## [Exercise aim]
Using the records that appear below, write out exactly the lines from the one with "Zaino Burberry Haymarket" through the one with "精品 天然俄罗斯碧玉猫眼戒面18K金镶嵌款戒指女款金镶玉指环饰品", keeping both end lines.

[[ Data for this task open ]]

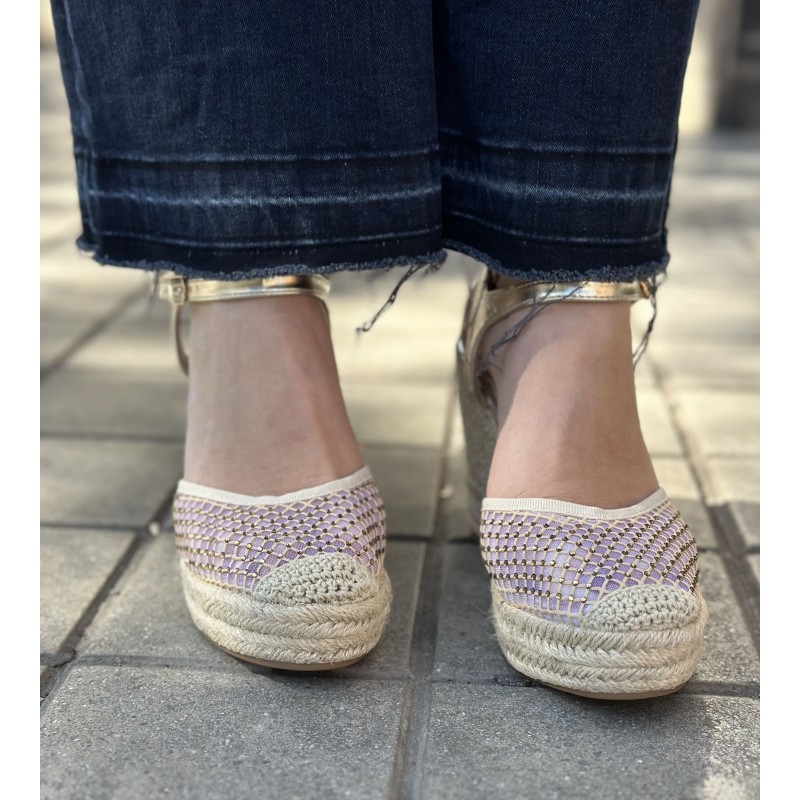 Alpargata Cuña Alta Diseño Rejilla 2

[[ Data for this task closed ]]
[[ Data for this task open ]]

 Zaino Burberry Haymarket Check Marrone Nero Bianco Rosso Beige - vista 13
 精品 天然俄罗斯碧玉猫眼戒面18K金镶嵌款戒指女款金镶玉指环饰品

[[ Data for this task closed ]]

## [Answer area]
 Zaino Burberry Haymarket Check Marrone Nero Bianco Rosso Beige - vista 13
 精品 天然俄罗斯碧玉猫眼戒面18K金镶嵌款戒指女款金镶玉指环饰品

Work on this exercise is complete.